Reading this forum and the charts of comparison, i've selected 2 products:
Qnap TS-459 Pro
Synology DS1010+

Is it a good selection? What can you suggest me? What kind of RAID configuration shall i use?

Thanks a lot.

Andrea.
 
RAID is a good first step to protect your data, but try not to look at it as fail safe. For fail safe you should still backup your important/irreplaceable data to an external source.

http://www.smallnetbuilder.com/nas/nas-basics/30060-smart-sohos-dont-do-raid


Take a look at the Netgear Readynas Series. The Pro has excellent performance (100MB/s if your NIC can do it) and the NVX should be able to read @ 60MB/s realistically. The Pro also supports RAID 6 so you can have 2 redundant disks.

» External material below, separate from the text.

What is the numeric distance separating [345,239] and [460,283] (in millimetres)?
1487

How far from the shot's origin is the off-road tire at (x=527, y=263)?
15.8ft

Netgear has new Atom based NAS products that will begin shipping in a week or two. One is based on the NVX chassis and the other on the Pro.

www.netgear.com/ultra.
www.readynas.com

Readynas products come with a 3 year or 5 year warranty (depending on model) and have an excellent user community where the developers actively participate. www.readynas.com/forum. Poke around and compare to QNAP and Syno. All are great products at the end of the day.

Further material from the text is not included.